About this exercise → Only the lines below between the ones containing "Syringe in close" and "Detail of pink", inclusive, are to be reproduced, each exactly as it stands.

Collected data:
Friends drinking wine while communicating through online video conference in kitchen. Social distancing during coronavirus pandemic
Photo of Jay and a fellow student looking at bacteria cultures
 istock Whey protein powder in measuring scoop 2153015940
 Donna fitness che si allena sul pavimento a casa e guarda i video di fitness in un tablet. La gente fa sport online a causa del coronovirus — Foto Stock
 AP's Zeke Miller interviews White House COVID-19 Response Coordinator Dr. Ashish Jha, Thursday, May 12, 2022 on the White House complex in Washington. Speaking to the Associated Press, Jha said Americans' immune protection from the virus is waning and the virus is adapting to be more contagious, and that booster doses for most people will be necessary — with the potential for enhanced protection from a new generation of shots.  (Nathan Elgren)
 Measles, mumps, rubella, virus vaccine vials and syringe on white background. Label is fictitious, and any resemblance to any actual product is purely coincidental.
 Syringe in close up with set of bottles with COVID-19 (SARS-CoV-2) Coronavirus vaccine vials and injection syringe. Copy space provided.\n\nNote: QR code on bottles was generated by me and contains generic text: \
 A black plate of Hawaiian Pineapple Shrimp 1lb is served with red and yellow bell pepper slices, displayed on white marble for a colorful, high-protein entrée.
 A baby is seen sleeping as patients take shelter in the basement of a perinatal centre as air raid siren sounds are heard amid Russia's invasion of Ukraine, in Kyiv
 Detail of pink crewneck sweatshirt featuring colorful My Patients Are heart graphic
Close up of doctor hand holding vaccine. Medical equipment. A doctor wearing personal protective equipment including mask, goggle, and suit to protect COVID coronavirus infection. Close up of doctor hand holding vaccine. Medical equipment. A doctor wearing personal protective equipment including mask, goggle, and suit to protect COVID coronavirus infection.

Answer to this task →
 Syringe in close up with set of bottles with COVID-19 (SARS-CoV-2) Coronavirus vaccine vials and injection syringe. Copy space provided.\n\nNote: QR code on bottles was generated by me and contains generic text: \
 A black plate of Hawaiian Pineapple Shrimp 1lb is served with red and yellow bell pepper slices, displayed on white marble for a colorful, high-protein entrée.
 A baby is seen sleeping as patients take shelter in the basement of a perinatal centre as air raid siren sounds are heard amid Russia's invasion of Ukraine, in Kyiv
 Detail of pink crewneck sweatshirt featuring colorful My Patients Are heart graphic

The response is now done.